Après trois réunions avec la Première ministre Élisabeth Borne et les chefs de la majorité à quelques heures d’un vote incertain à l’Assemblée nationale sur la réforme des retraites, le président français Emmanuel Macron a choisi de faire passer jeudi sa réforme controversée des retraites sans le vote de l’Assemblée nationale.
Qu’est ce le 49.3 ?
Le troisième alinéa de l'article 49 de la Constitution de la Cinquième République française confère à l'État une arme redoutable dans les débats parlementaires. Alors que les autres alinéas définissent la déclaration de politique générale, la motion de censure et l'approbation de la politique par le Sénat, le ".3" donne au Premier ministre la possibilité, après délibération du conseil des ministres, d'engager la responsabilité de son gouvernement devant l'Assemblée nationale sur le vote d'un projet de loi de finances ou de financement de la Sécurité sociale.
Ainsi, le Premier ministre peut décider seul de l'adoption d'une loi sans passer par les députés, ce qui est utilisé lorsque le gouvernement estime que sa majorité est insuffisante pour faire adopter son projet de loi.
C'est un outil puissant pour le gouvernement car il permet d'aller plus vite dans l'adoption des lois, sans avoir besoin de négocier avec les différents groupes politiques représentés à l'Assemblée. Cependant, l'utilisation du 49.3 est souvent considérée comme un geste de force et peut être mal perçue par l'opposition et une partie de l'opinion publique.
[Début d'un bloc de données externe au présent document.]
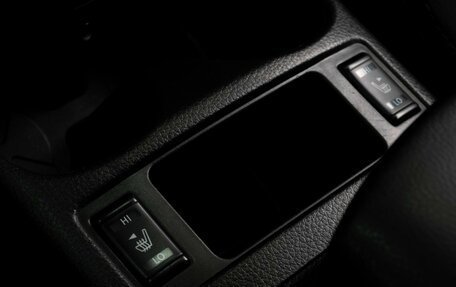 Nissan Qashqai, 2014 год, 1 449 000 рублей, 14 фотография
Comment peuvent réagir les députés ?
Dans cette situation, les députés disposent d'un seul moyen pour s'opposer au recours à l'article 49.3 : la motion de censure prévue par l'article 49.2.
La Constitution précise qu'elle doit être déposée dans les 24 heures suivant l'engagement de la responsabilité du gouvernement et être votée dans les mêmes conditions que précédemment, c'est-à-dire être signée par un dixième des membres de l'Assemblée nationale, soit 58 députés, et recueillir une majorité d'approbation, soit 289 députés. Si la motion de censure obtient la majorité, le gouvernement est renversé.
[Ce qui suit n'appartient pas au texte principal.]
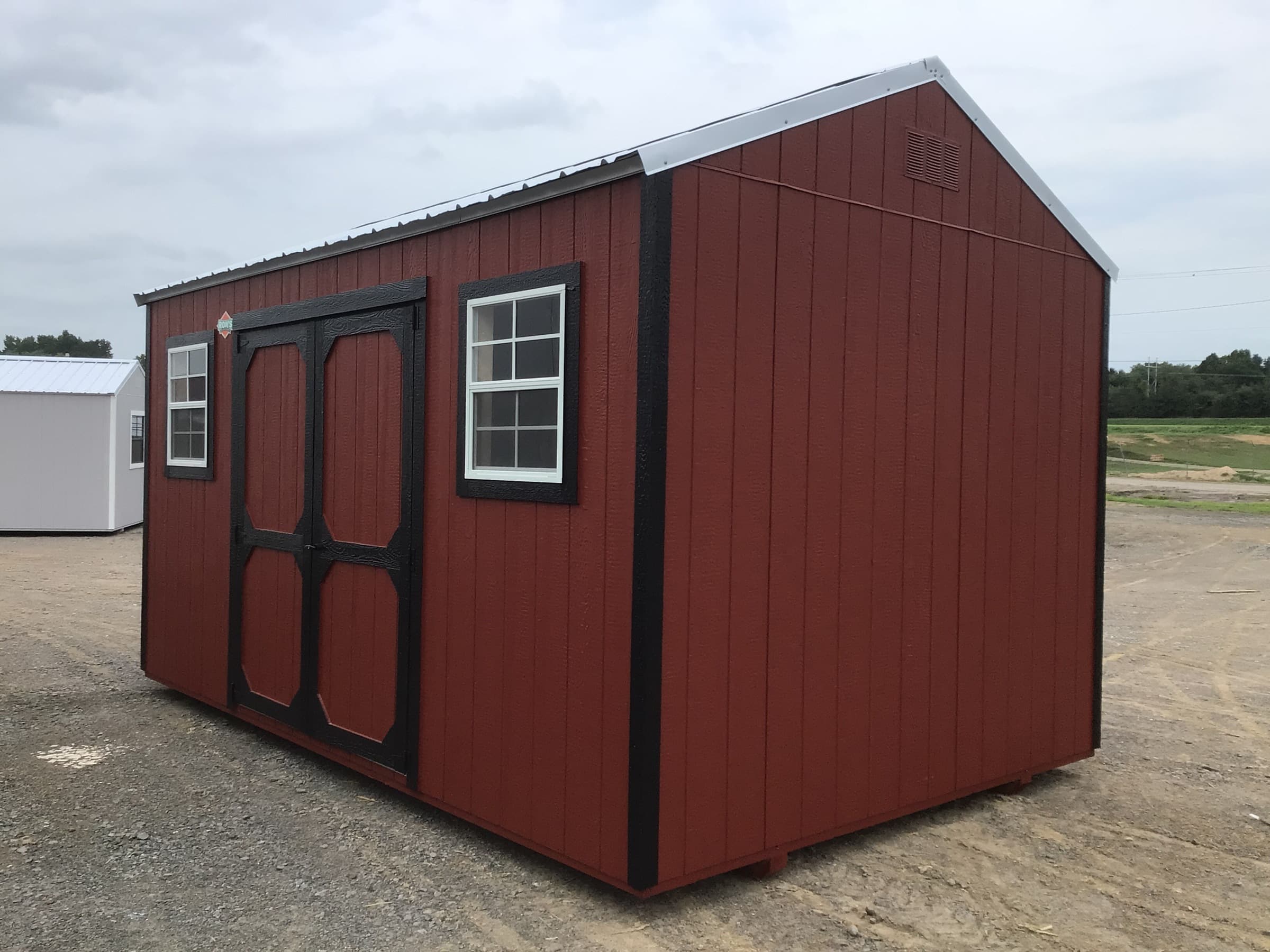 Thumbnail [object Object]1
Dans la plupart des cas où l'article 49.3 a été utilisé, l'opposition a déposé une motion de censure, mais à chaque fois, cette dernière a été rejetée.
Combien de fois a-t-il été utilisé ?
Le recours au 49.3 a souvent été employé pendant la Ve République, avec un total de 100 utilisations depuis 1958 pour permettre l'adoption de projets de loi sans vote des députés. Michel Rocard, qui a occupé le poste de Premier ministre de mai 1988 à mai 1991, détient le record avec 28 utilisations pour 13 textes différents. Ce mécanisme a été utilisé notamment pour faire adopter la loi créant le Conseil supérieur de l'audiovisuel (CSA) et la réforme hospitalière.
En revanche, Jean-Marc Ayrault (2012-2014) et François Fillon (2007-2012) ne l'ont jamais utilisé. Lionel Jospin (1997-2002) n'a pas non plus eu recours à cette disposition durant la cohabitation avec Jacques Chirac
Le gouvernement d'Elisabeth Borne, qui ne dispose pas d'une majorité absolue à l'Assemblée nationale, a régulièrement eu recours au 49.3 ces derniers mois, l'ayant utilisé à onze reprises.
Depuis la révision constitutionnelle de 2008, l'article 49.3 ne peut être utilisé qu'une fois par session parlementaire sur un projet de loi budgétaire et un seul autre type de texte.
Cependant, une fois que le Conseil des ministres l'a autorisé, le Premier ministre peut l'utiliser à chaque lecture successive du même projet devant l'Assemblée nationale.